Start from first principles: define “slower” properly
“Slower” is a complaint. You need a symptom you can measure.
Pick one or two representative workloads and define the regression in numbers:
- Database: 95th percentile commit latency, buffer cache hit rate, fsync time.
- Web/API: request latency percentiles, error rate, CPU saturation, run queue.
- File server: SMB/NFS throughput, metadata ops latency, small-file creates.
- Backups: MB/s and elapsed time, plus storage write latency during backup windows.
Then determine where the waiting happens. Most of the time it’s one of these:
- I/O wait on the host: storage latency spikes, queues back up, VMs stall.
- CPU scheduling delay: too many runnable tasks, pinning mistakes, IRQ storms.

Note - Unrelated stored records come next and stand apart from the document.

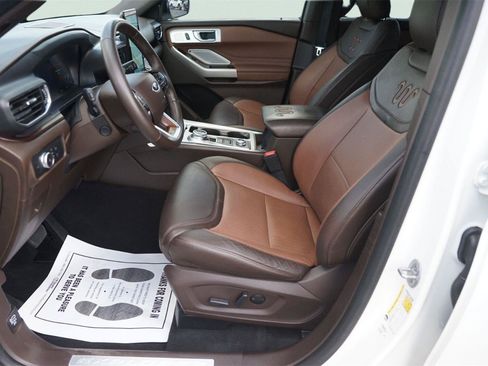 Used 2022 Ford Explorer King Ranch w/ Technology Package AWD/4WD image 9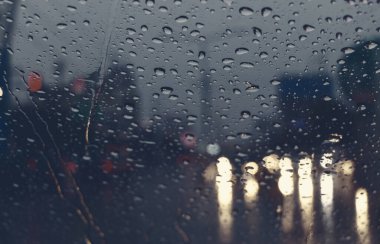 Kötü hava koşullarında gece ön cama yağmur damlaları düşer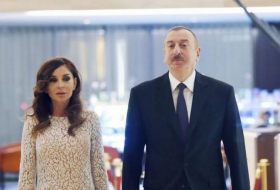 Президент Ильхам Алиев и первая леди Мехрибан Алиева наблюдают за благотворительным матчем 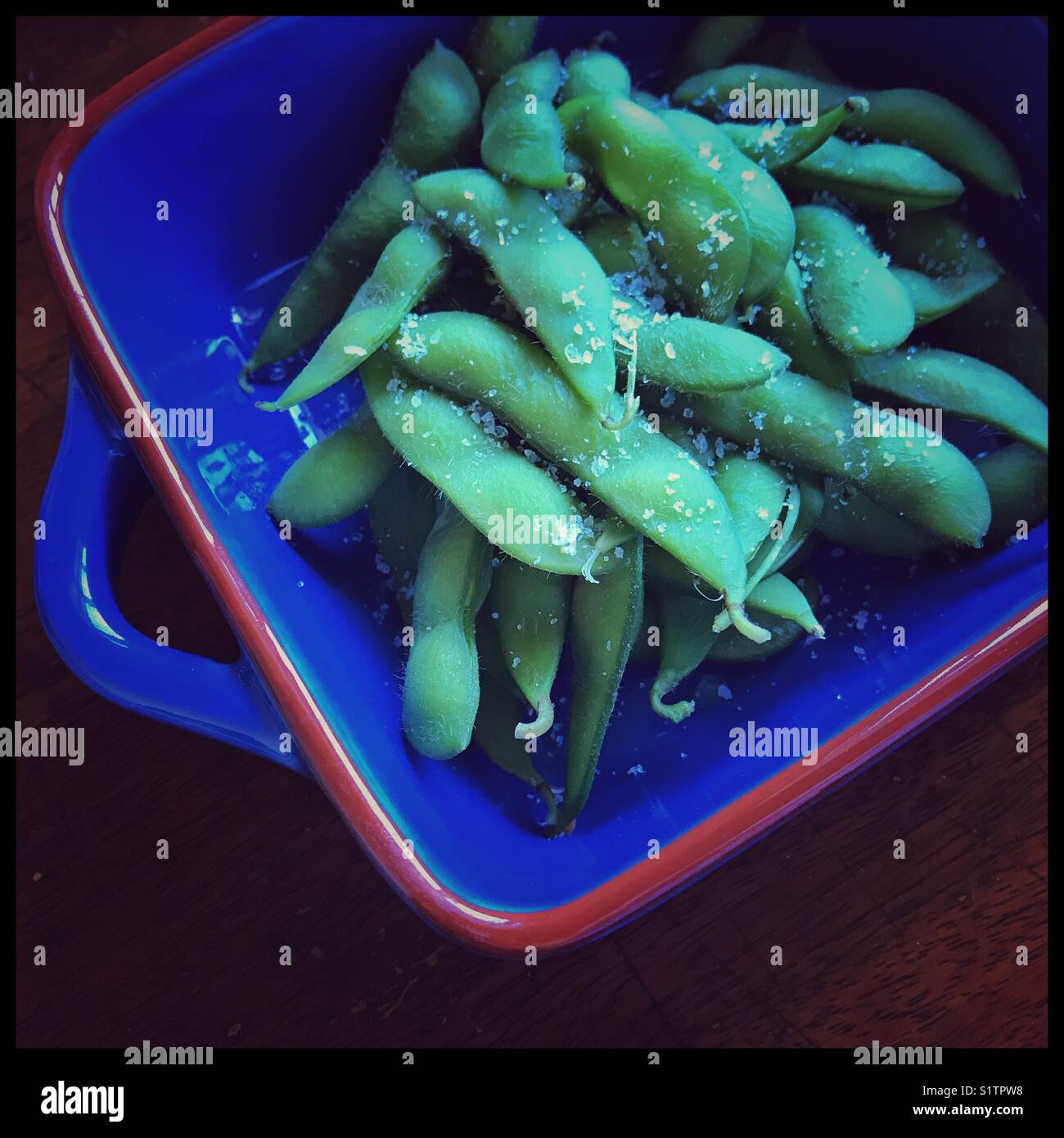 Edamame beans with salt Stock Photo Alamy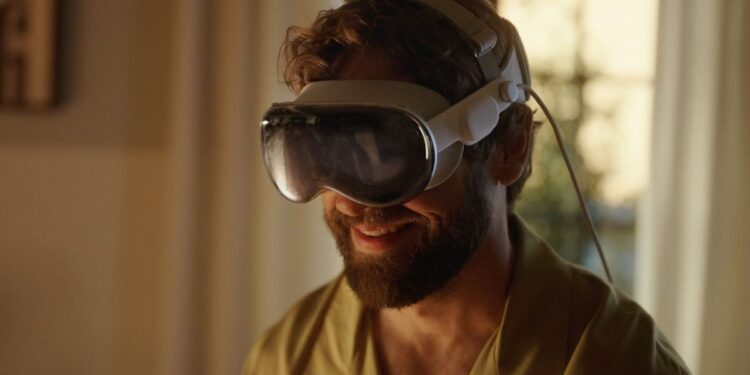 Apple Vision Pro Top Strap not included in the box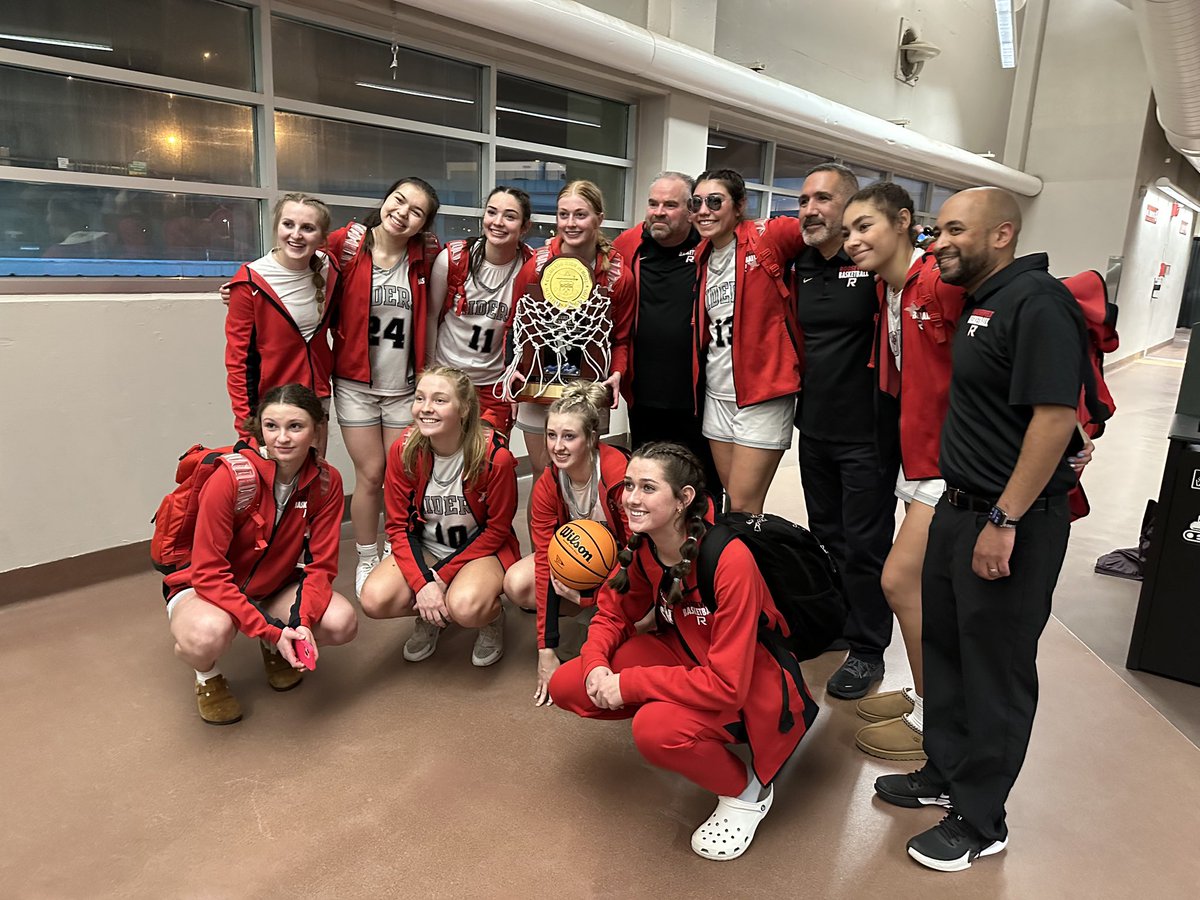 Maddie Moyers tweet media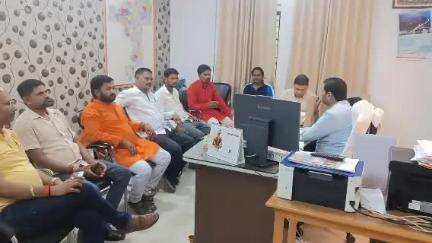 डुमरा: सीतामढ़ी सदर के अनुमंडल पदाधिकारी ने राजनीतिक दलों के साथ चुनाव को लेकर की बैठक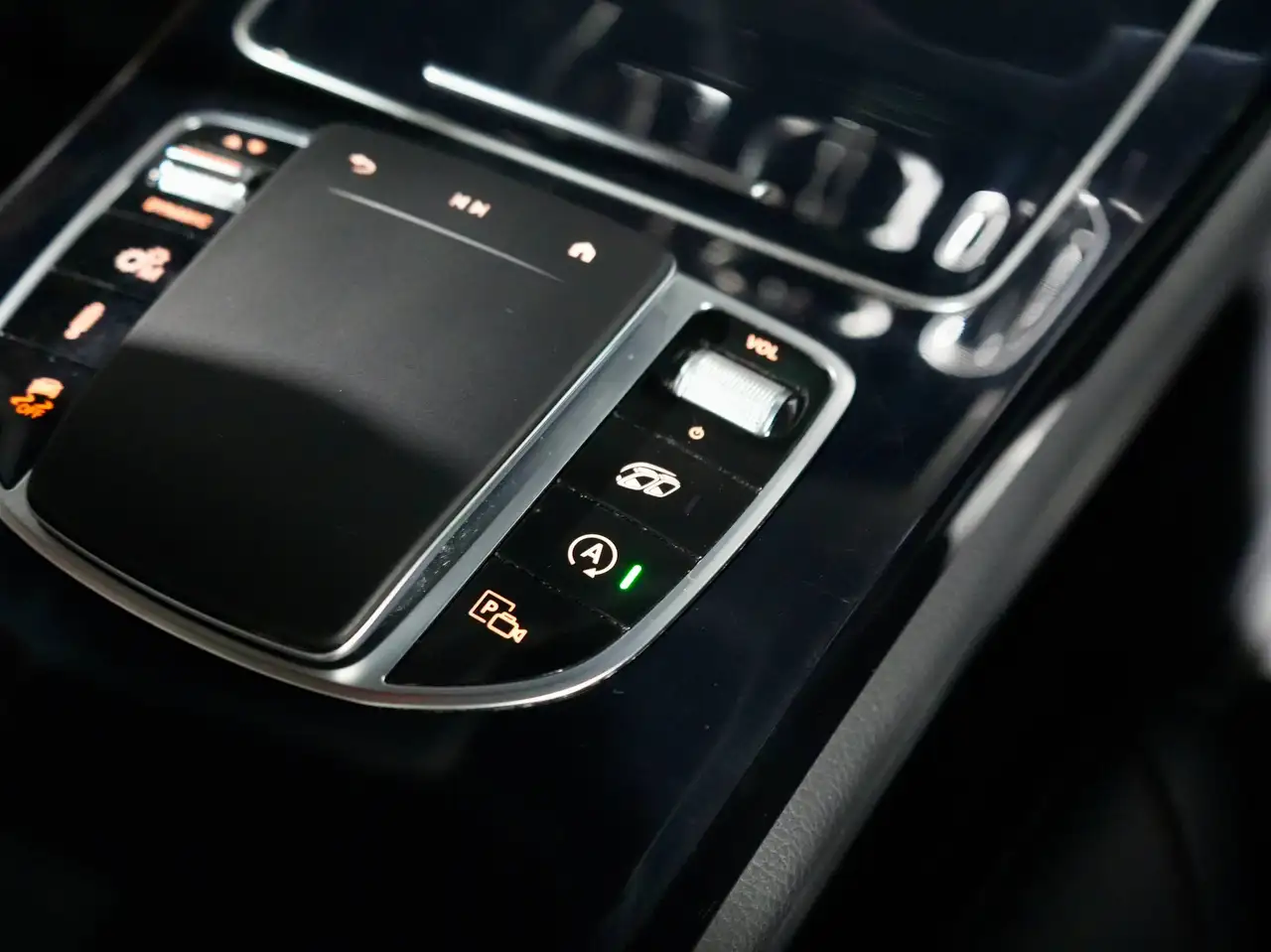 Mercedes-Benz GLC - Image 20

- Network loss/jitter: retransmits and timeouts, corosync grumpiness, storage replication lag.
- Guest-level driver mismatch: virtio drivers outdated, wrong controller model, weird caching modes.
Joke #1: Performance regressions are like “just one more meeting”—nobody schedules them, but everyone attends.
Practical tasks: commands, outputs, and decisions
These are the first checks I run on a Proxmox host after an upgrade when someone says “it’s slower.” Each task includes: command, what good/bad looks like, and what decision to make.
Task 1: Confirm what actually changed (kernel, pve, qemu)
cr0x@server:~$ pveversion -v
pve-manager/8.2.2/bb2d... (running kernel: 6.8.12-3-pve)
proxmox-ve: 8.2-1 (running kernel: 6.8.12-3-pve)
qemu-server/8.2.4/...
libpve-storage-perl/8.2.2/...
Meaning: You now know the kernel and stack versions in play. “It got slower” often maps to “kernel changed” or “QEMU changed.”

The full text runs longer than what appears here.